Sounds dirty to me. Maybe some good air tool oil will help!


----------



## 89yt12

yea i have adjusted the tq setting

another quick ??????

the oil fill thats on the side of the impact, is that the same as puttin oil in the inlet or is it like a oil bath????


----------



## 89yt12

its a small pic, if needed i can post a pic of mine

http://us.st11.yimg.com/us.st.yimg.com/I/yhst-62249272092181_1912_40036284


----------



## tractornut

i believe that on yours it may be a separate oil location to make sure oil gets supplied to the internal bearings and bushings. since the adjustment knob didn't do anything to help i'm thinking that either like sonny said its got dirt inside first place to check is the screen that is in the air inlet (where the fitting threads in) or that it has a bad o-ring internally


----------



## SonnyT

Not sure about the side oil port, I would put some in the Inlet and try it. Might get a little messy, but it will cleanup and might just make it work better.


----------



## 89yt12

ill look at it better this weekend, i always put oil in the inlet, ill tell yall what it turns out to be


----------



## SonnyT

Well, how did it go.
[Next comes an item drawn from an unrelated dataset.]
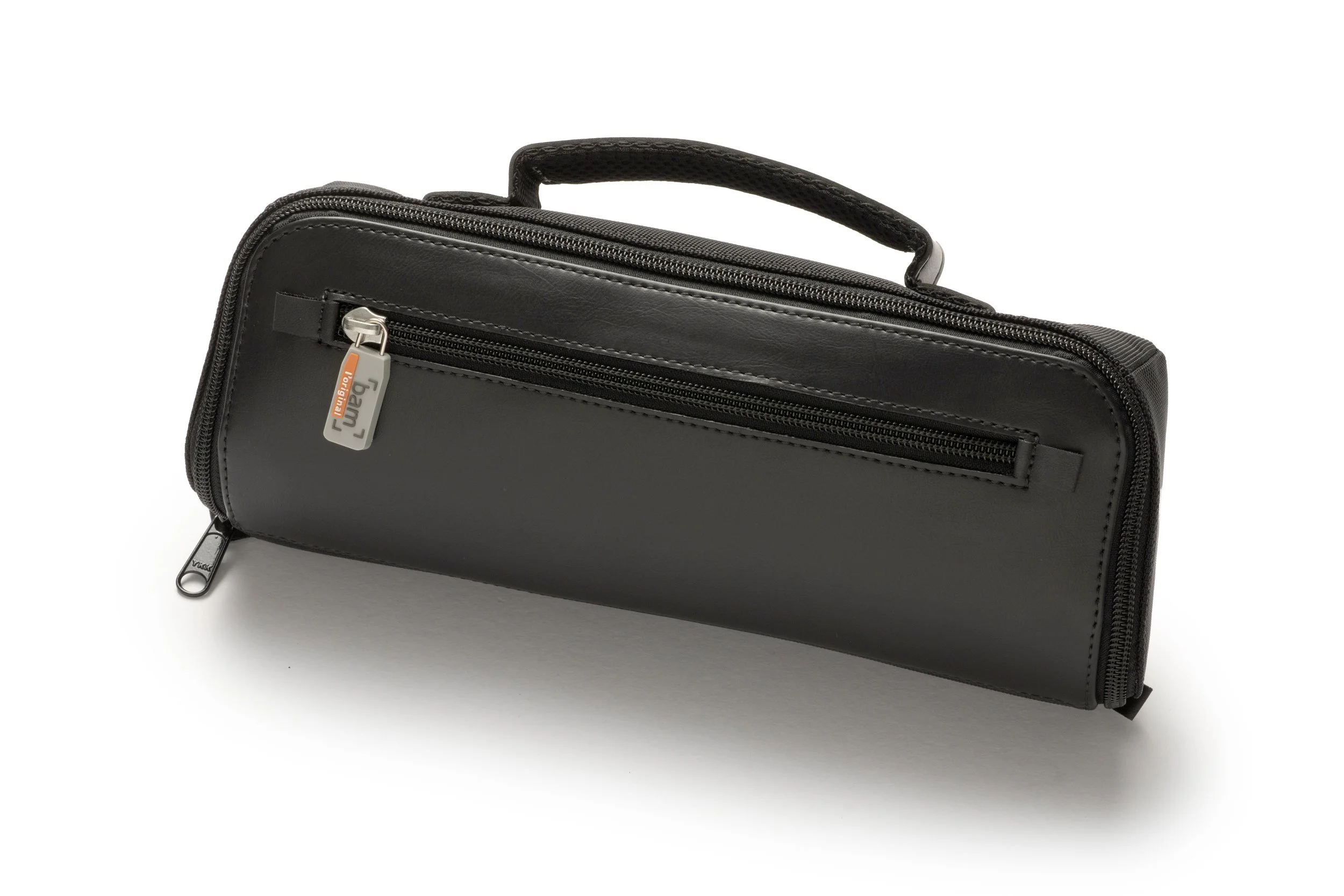 Bamtech-4029XLN_Piccolo_front.jpg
Is it fixed or in the trash? Just curious.


----------



## tractornut

SonnyT said:


> Well, how did it go. Is it fixed or in the trash? Just curious.


 i was wondering that too


----------



## 89yt12

havent had use for it yet, what is a good thing, means i been relaxin 

next time i go to use it im going to check it out


----------



## bmwe0692

Inquiring minds want to know! Whats the status? Worked or it's a boat
anchor?

T.J.


----------



## 89yt12

LOL

i been so busy messing with my CB radios i havent even thought to play in the garage any


----------



## 89yt12

ok intake screen was a little dirty and there was some trash on the ball bearing that stops the air flow (i guess) at the inlet also, seems to spin faster, but not perfect yet, guess ill have to look farther into it


----------



## 89yt12

PARTY TIME!!!!!!!!!

its as good as new now, strog like the ox, it was the 4 bolts on the back that hold the back plate on were loose


----------



## SonnyT




----------



## tractornut

glad it was an easy fix


----------



## 89yt12

wish i noticed it a long time ago


----------